START AVAILABLE DATA

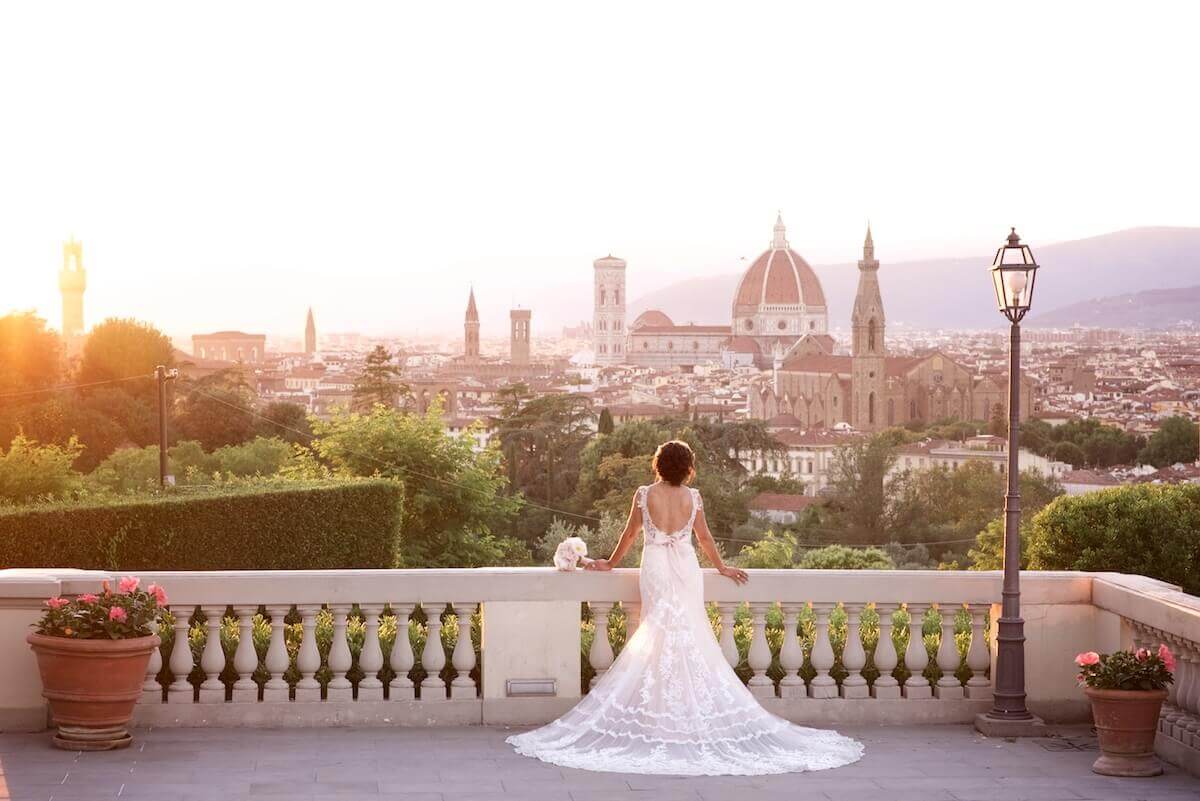 wedding bride Florence sunset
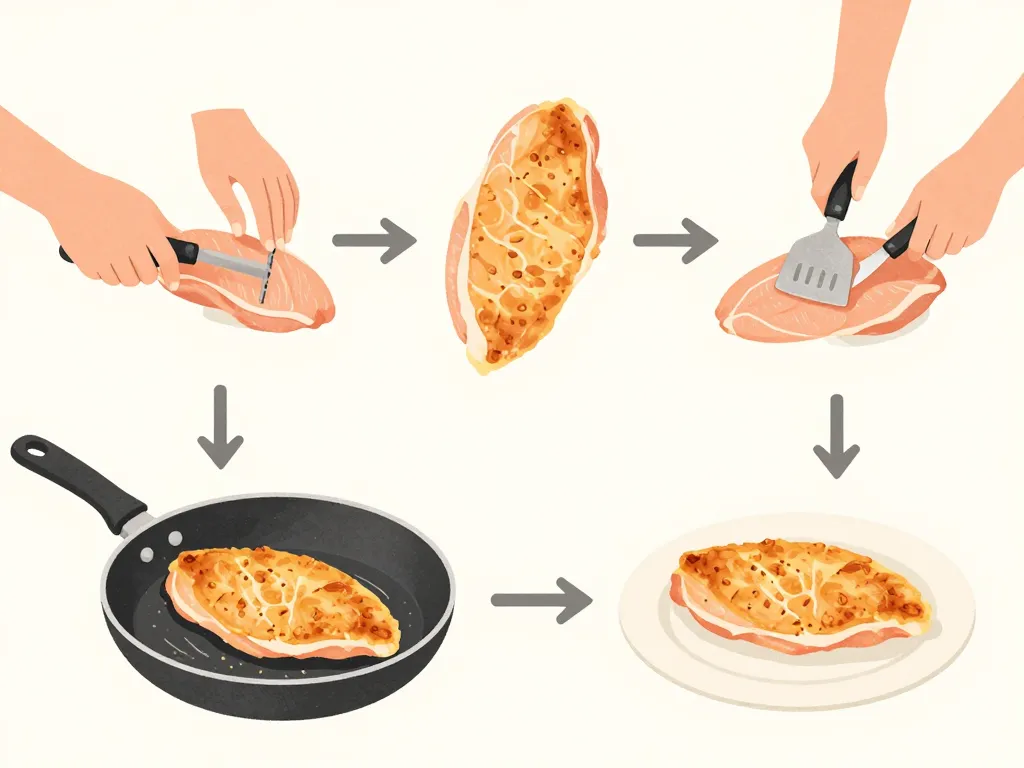étapes cuisson paillard de poulet à la poêle illustration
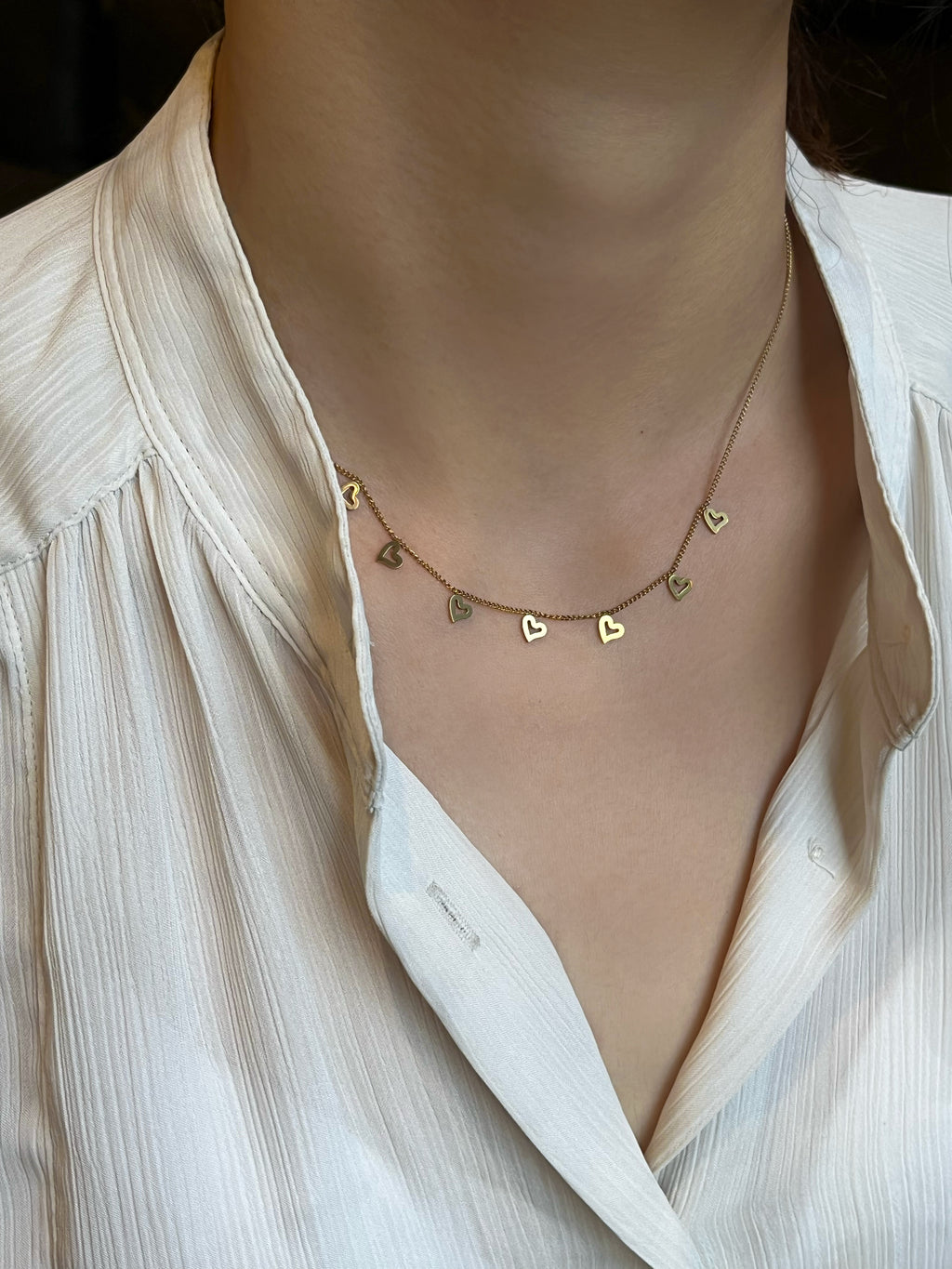 Hollow Heart Tassel Necklace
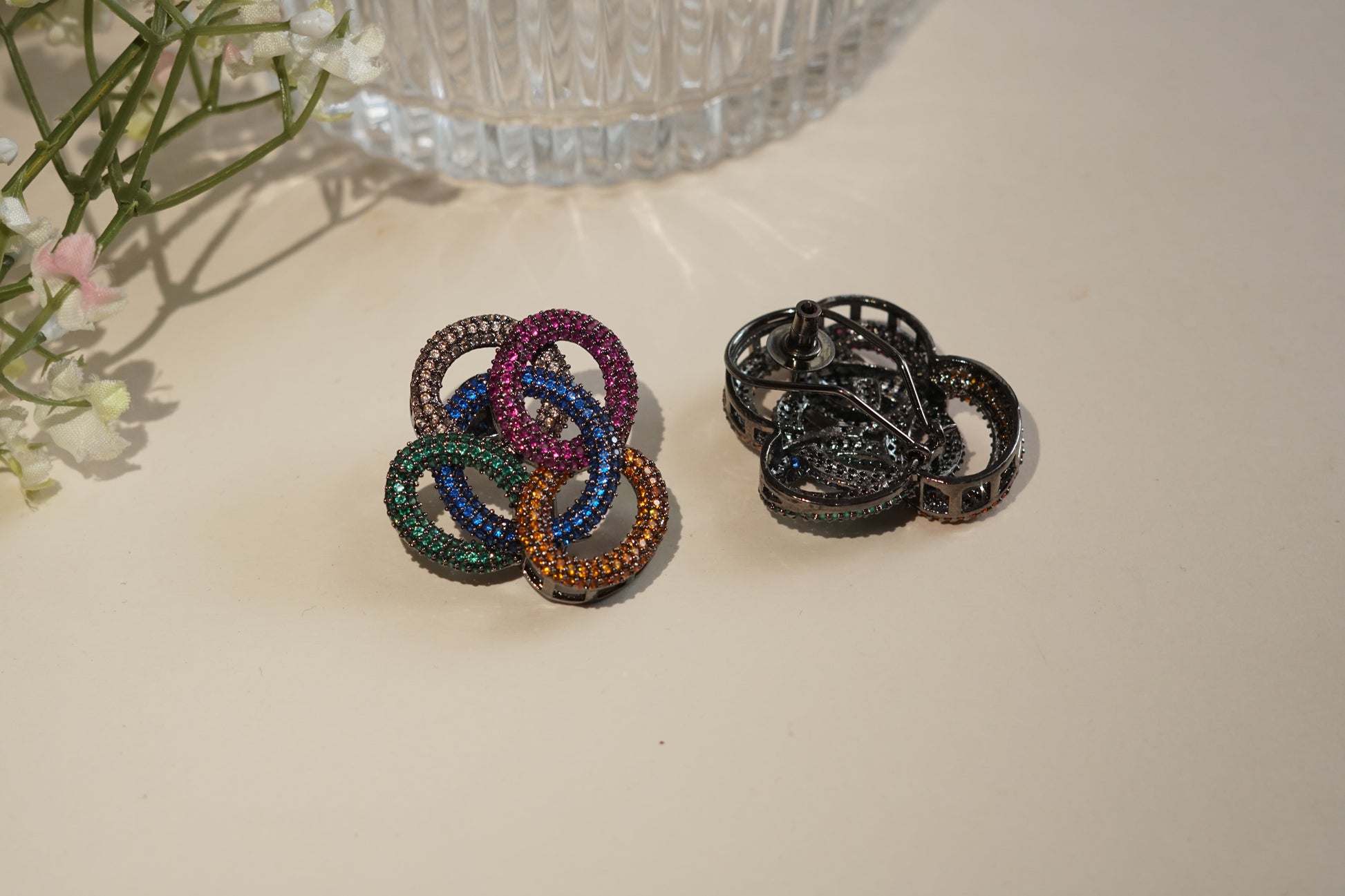 AD stone earrings (1-5208)(B)(From Turkey) - JEWELSTYLE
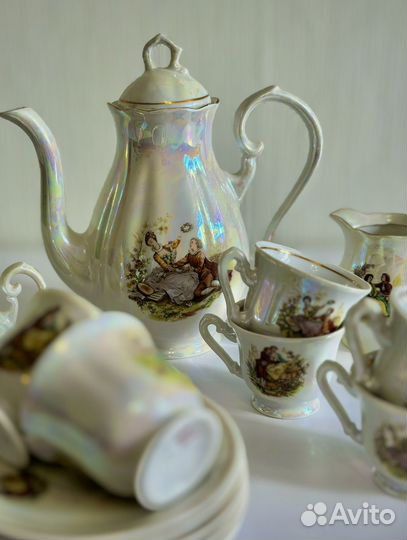 Кофейный сервиз Пастушка Свидание, фарфор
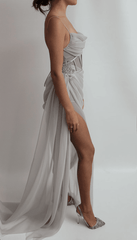 Handmade Draped Gray Silver Blue Chiffon Sheer Mesh Corset High Slit Beaded Lace Embroidered Gown Dress Formal Prom Bridal Bridesmaids - RongMoon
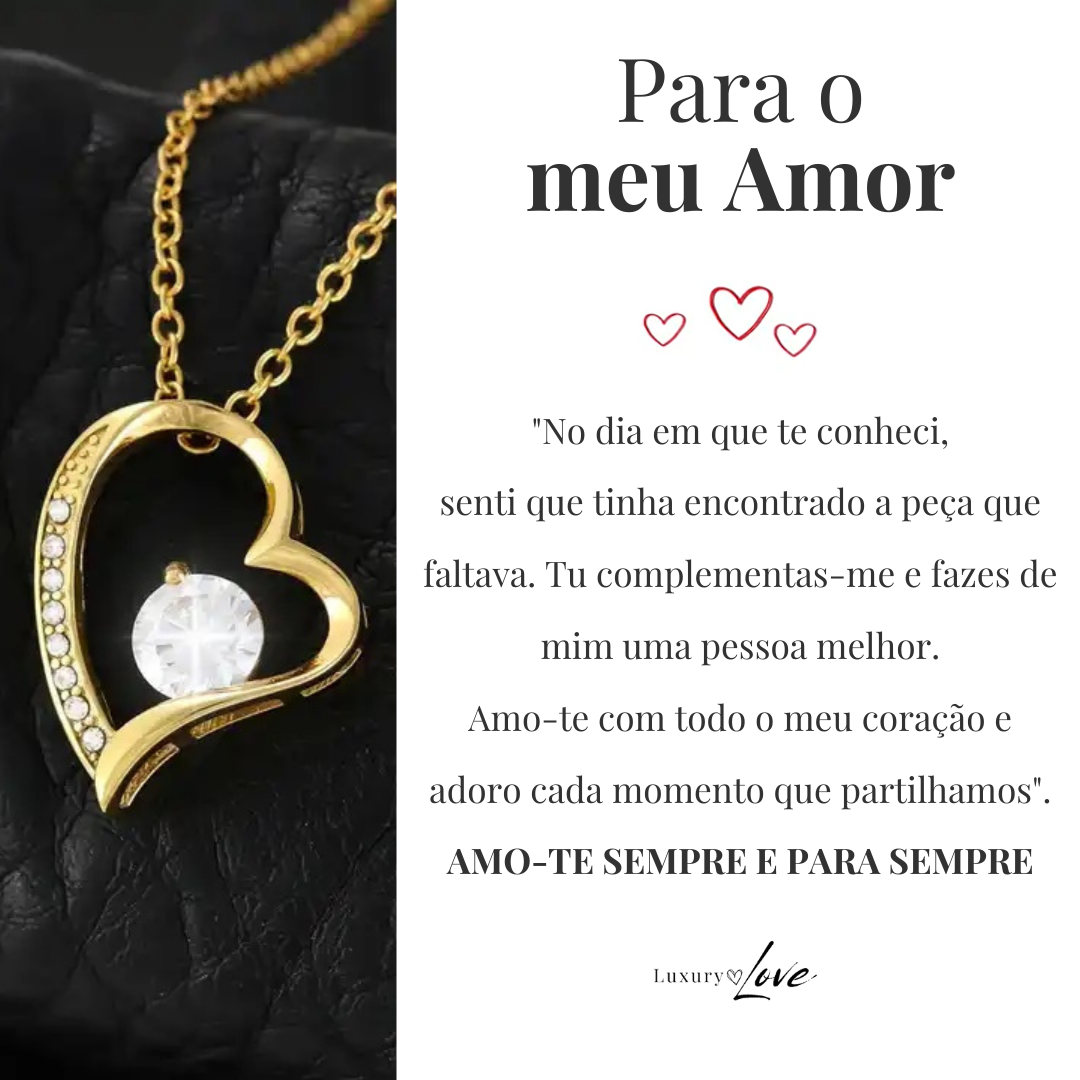 Colar Amor-Eterno™ dourado para o meu Amor (com dedicatória especial)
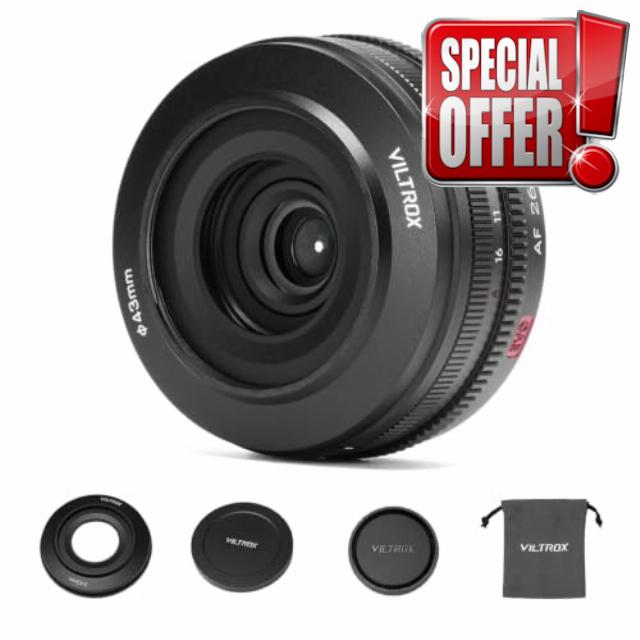 VILTROX AF 26mm F2.8 EVO FE Full-Frame Prime Lens for Sony E-Mount Cameras | Compact Pancake Lens with Independent Aperture & Focus Rings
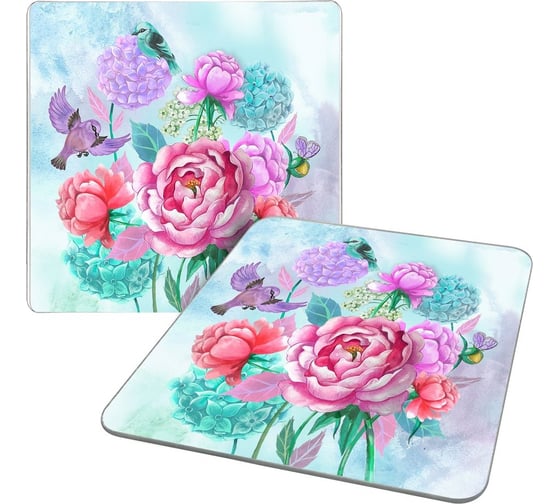 Изображение товара Доска разделочная МУЛЬТИДОМ подставка под горячее "Пионы и птички", размер 18x18 см VL48-15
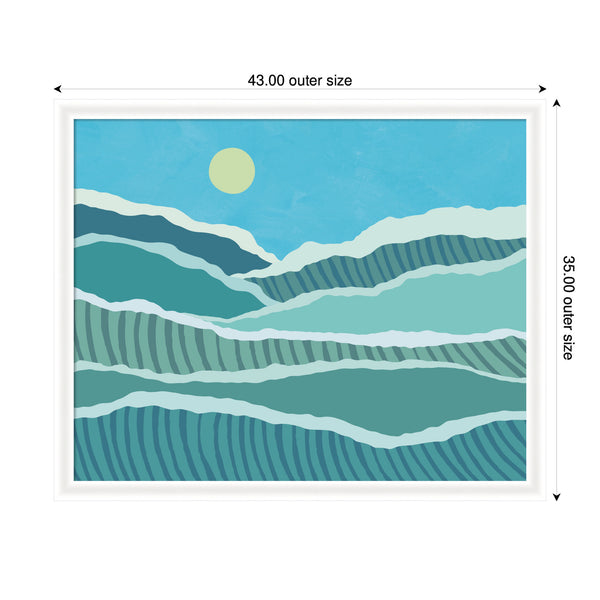 Kate & Laurel Framed Art Abstract Waves By Rachel Lee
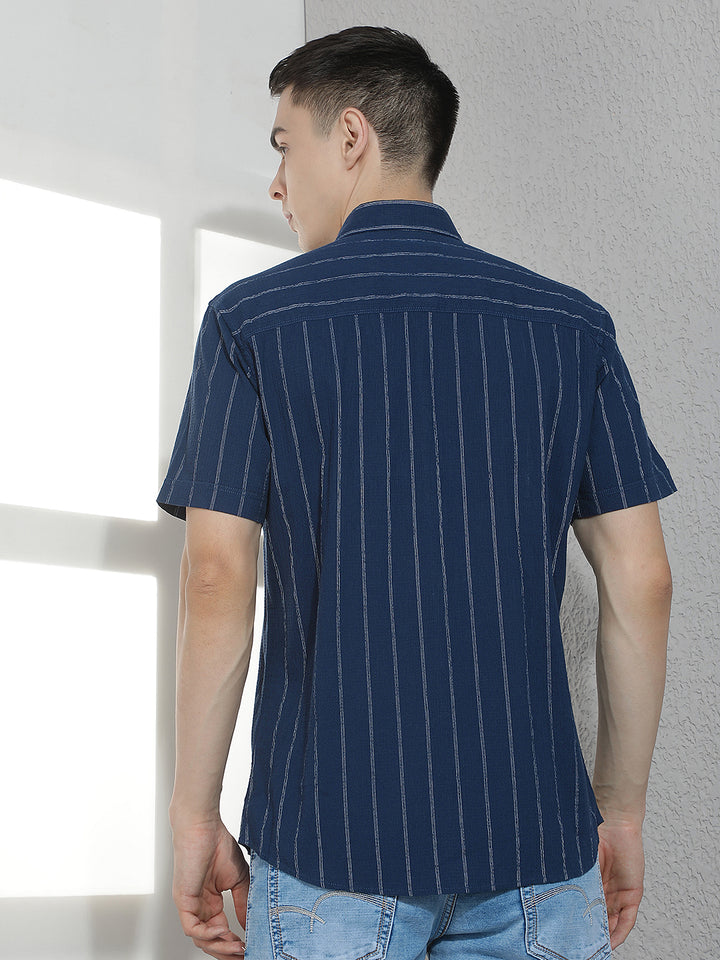 Navy Blue Vertical Striped Shirt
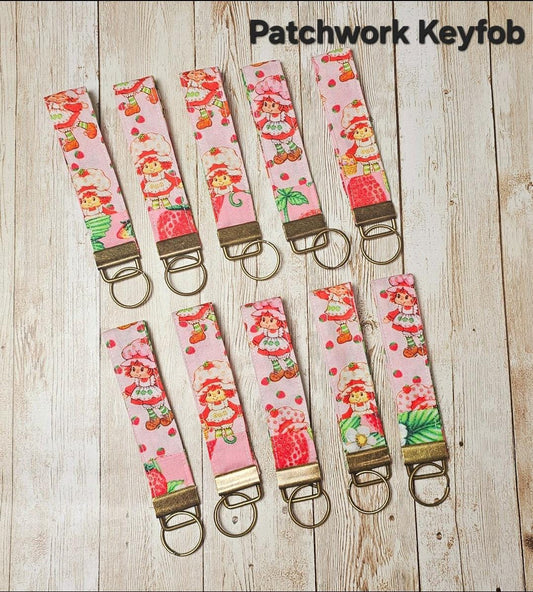 Key Fob Keychain, Keychain Wristlet, Strawberry Shortcake, Key Wristlet,  Fabric Keychain, Strawberry, Wristlet Keychain, Gift for Her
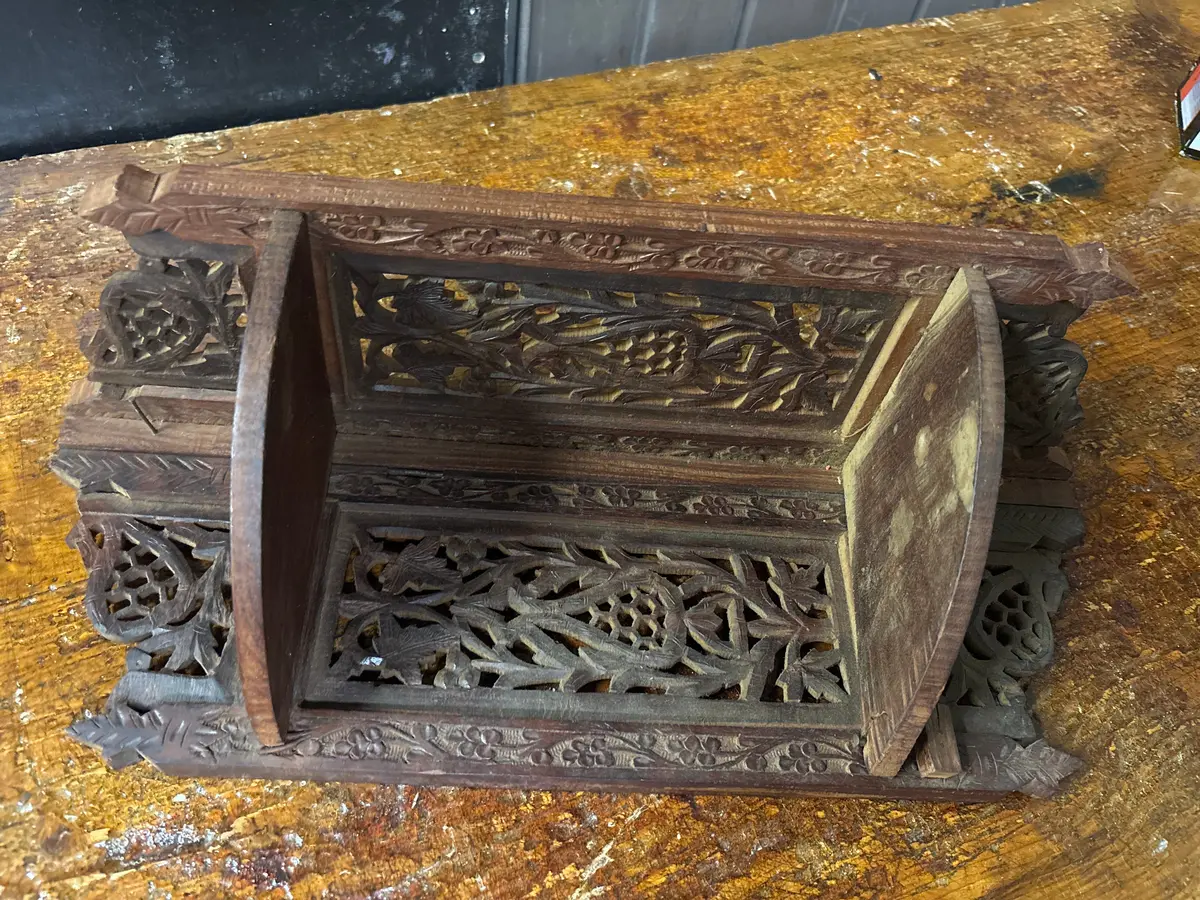 Small Indian Carved Corner Wall Shelf As Found 1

END AVAILABLE DATA

Copy out exactly the lines from the one with "Colar Amor-Eterno™ dourado" through the end of the listing, both ends included, omitting any picture.

 Colar Amor-Eterno™ dourado para o meu Amor (com dedicatória especial)
 VILTROX AF 26mm F2.8 EVO FE Full-Frame Prime Lens for Sony E-Mount Cameras | Compact Pancake Lens with Independent Aperture & Focus Rings
 Изображение товара Доска разделочная МУЛЬТИДОМ подставка под горячее "Пионы и птички", размер 18x18 см VL48-15
 Kate & Laurel Framed Art Abstract Waves By Rachel Lee
 Navy Blue Vertical Striped Shirt
 Key Fob Keychain, Keychain Wristlet, Strawberry Shortcake, Key Wristlet,  Fabric Keychain, Strawberry, Wristlet Keychain, Gift for Her
 Small Indian Carved Corner Wall Shelf As Found 1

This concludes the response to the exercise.